I’m sorry this column can’t be accompanied by sound. One of the most precious components of Orthodox Christianity, perhaps especially in the Russian tradition, is its store of melodies to liturgical hymns that are heartbreakingly beautiful. I just came across a fine example, tucked away in the iTunes folder of this laptop. It’s a contemporary variant of a hymn sung normally at Annunciation, composed by Fr Paul Jannakos. It was recorded last summer by an impromptu family quartet: simple, no frills, and lovely beyond words. The version they sang was this:
The eternal mystery is revealed today:
God the Word of God becomes the Son of Mary the Virgin.
Gabriel heralds the Annunciation of joy.
Let us cry with him: Rejoice, O Mother of our God!
At one time or another, most of us become frustrated with what we perceive to be the stultifying inertia or irrational zeal that can seize our clergy, hierarchs and “influential laypeople.” We deplore the obstacles thrown up in the way of ecclesial unity and the establishment of a truly “local,” self-governing Church. Some of us become exasperated over disputes between authorities of our various jurisdictions, or money-mismanagement by our bishops and diocesan treasurers, or authoritarian decision-making or an absence of decision-making, or priest-transfers made willy-nilly and not made when they need to be made, or misbehavior on the part of those who should know better. Others among us, with a more highly developed social conscience, complain that we Orthodox spend too much time liturgizing and hobnobbing with one another, when the world in its appalling spiritual poverty so desperately needs to be fed, clothed, visited and healed.

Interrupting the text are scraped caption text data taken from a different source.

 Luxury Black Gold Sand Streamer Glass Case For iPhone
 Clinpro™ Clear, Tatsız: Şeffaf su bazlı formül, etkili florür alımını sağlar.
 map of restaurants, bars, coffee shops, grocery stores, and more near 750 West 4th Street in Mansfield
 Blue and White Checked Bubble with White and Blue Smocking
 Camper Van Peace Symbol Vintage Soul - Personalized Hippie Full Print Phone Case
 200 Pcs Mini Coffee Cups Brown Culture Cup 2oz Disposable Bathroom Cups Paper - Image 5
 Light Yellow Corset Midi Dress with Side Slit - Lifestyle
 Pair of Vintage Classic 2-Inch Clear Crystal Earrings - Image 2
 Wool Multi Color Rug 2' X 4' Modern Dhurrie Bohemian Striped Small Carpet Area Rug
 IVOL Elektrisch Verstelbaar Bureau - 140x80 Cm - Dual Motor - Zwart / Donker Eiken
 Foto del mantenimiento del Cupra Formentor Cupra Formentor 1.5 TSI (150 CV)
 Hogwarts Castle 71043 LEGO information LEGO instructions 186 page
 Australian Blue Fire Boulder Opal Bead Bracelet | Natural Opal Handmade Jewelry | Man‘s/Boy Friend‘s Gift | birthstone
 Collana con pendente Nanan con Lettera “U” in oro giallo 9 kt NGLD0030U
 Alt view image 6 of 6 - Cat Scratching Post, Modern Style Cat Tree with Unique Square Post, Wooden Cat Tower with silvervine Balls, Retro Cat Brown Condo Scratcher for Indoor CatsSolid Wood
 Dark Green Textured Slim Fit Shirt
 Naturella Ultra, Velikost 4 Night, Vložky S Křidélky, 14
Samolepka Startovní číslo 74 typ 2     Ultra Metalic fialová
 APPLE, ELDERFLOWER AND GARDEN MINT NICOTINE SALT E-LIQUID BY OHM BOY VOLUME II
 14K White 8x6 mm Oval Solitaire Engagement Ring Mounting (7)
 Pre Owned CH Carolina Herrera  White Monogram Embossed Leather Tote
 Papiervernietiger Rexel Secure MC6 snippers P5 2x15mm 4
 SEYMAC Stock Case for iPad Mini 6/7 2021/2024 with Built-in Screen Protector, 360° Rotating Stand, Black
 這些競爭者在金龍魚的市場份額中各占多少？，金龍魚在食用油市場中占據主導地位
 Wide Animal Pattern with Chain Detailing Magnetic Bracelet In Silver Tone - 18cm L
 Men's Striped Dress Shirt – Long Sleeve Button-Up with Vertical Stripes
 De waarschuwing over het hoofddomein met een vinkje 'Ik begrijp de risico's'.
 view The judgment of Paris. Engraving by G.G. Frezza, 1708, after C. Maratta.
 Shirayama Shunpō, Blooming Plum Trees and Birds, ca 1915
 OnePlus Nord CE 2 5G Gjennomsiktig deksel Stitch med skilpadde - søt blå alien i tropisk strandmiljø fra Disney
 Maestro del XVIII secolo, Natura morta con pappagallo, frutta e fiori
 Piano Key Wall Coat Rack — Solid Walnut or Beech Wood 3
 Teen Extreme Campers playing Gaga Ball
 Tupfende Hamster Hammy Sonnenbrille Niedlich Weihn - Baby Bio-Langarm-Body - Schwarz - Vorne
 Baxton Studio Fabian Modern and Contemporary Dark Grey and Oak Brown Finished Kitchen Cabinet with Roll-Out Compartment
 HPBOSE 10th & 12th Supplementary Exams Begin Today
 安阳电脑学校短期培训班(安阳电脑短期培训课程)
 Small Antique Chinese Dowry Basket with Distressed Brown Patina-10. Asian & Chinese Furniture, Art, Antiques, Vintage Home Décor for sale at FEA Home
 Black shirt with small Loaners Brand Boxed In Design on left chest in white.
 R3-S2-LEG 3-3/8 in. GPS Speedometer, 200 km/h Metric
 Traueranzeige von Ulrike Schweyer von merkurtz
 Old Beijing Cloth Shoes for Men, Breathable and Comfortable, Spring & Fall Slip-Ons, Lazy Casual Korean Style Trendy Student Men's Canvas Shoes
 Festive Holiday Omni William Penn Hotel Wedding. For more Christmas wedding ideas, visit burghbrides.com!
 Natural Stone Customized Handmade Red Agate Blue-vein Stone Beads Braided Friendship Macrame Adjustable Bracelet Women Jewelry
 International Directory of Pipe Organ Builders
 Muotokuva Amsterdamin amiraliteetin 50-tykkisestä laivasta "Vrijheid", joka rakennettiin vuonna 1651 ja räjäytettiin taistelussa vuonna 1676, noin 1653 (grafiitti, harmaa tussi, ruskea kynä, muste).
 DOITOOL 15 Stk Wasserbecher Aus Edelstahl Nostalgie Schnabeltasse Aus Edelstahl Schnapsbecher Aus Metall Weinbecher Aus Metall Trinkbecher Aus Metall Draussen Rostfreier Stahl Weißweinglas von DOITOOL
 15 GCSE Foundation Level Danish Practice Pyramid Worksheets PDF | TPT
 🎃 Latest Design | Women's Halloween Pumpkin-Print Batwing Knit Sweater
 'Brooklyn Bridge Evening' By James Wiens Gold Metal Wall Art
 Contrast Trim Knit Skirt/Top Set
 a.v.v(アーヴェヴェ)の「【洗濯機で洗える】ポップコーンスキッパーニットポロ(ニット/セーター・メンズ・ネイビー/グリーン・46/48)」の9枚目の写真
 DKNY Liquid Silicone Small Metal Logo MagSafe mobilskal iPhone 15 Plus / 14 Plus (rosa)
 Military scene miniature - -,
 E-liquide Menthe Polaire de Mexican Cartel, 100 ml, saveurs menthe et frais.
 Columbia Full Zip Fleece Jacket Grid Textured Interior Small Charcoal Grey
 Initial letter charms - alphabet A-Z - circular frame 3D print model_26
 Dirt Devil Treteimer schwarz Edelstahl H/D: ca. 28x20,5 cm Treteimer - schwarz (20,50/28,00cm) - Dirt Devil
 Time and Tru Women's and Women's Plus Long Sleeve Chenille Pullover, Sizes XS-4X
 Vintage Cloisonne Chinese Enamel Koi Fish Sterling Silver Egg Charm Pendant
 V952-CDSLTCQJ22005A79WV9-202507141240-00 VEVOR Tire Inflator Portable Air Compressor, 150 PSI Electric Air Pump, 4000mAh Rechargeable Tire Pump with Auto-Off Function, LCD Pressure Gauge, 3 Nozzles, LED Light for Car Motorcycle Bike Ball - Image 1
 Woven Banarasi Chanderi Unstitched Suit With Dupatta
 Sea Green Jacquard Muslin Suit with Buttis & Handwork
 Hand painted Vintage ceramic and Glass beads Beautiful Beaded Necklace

It would be a shame, though, and even sinful, to forget or underestimate the extraordinary treasure that remains so often hidden in the field of our tradition. Moreover, we need very much to hold things in perspective. While we squabble about jurisdictions, finances and matters of ecclesial authority—all of which are doubtless serious and important concerns—most of the rest of Christendom is caught up in doctrinal uncertainty and moral ambiguity to the point that increasing numbers are jumping ship from the traditions of their youth. While we raise questions about what, if any, “secret” prayers are to be said aloud, many people of Christian background are “imaging and imagining” a dual-gendered God, or dismissing as myth the divinity of Christ, or laughing at the Virgin Birth, or militantly defending “reproductive rights” that include infanticide. Our real sin in the midst of all of this would be to leave the treasure of Orthodoxy buried in that field.
In this Nativity season we have an exceptional opportunity to proclaim to the world, including to other Christians, that, indeed, the eternal mystery has been revealed: that the eternal Word of God, who is Himself God, has become the Son of Mary, the Virgin, and that He has done so for our sake, out of His inexhaustible love for us and His insatiable desire for our salvation.
In our own life, and in the celebrations of our parish communities, we can step back and relive that mystery to the full. We can celebrate the Compline and other services of the Feast, not out of habit or some sense of “responsibility,” but because those services give us access to the mystery as nothing else can. They enfold us in the reality of Christ’s incarnation so that we “remember” it in the profound biblical sense of the word: we relive and partake of it. We take that mystery into ourselves, we allow our minds and hearts to be reshaped by it, and thereby we find it to be the unique and glorious way to liberty and life.
If it is appropriate to recall an Annunciation hymn during the season of Christ’s Nativity, it is because the mystery of the Son of God is all embracing. It fills all the time and space of our lives with His presence. And this presence is reactualized, relived liturgically. To celebrate one Feast is to celebrate them all. There is no separation, no hiatus, between Annunciation and Nativity, or between Nativity and Pascha. Today, as at every feast (and every day is festal) we celebrate, “remember” and thus relive the one great and awesome Mystery of God’s eternal love and our eternal salvation.
So today, in this Christmas season, we celebrate the inestimable gift—the priceless “treasure in the field”—of that mystery. We do so for ourselves, and we do so for those around us, Christians and others, who find themselves adrift in a sea of moral confusion and radical unbelief.
With the angel Gabriel, we herald the glad tidings, the Annunciation of joy, that Christ Is Born! We proclaim to one another and to the whole world that the eternal Word of God has—in fact, in all reality—become the Son of the Virgin, that in Him God has truly visited His people to grant them life. And with the Mother of God, together with the heavenly host and the saints of every age, we rejoice. We rejoice and we celebrate, with tears and with boundless thanksgiving.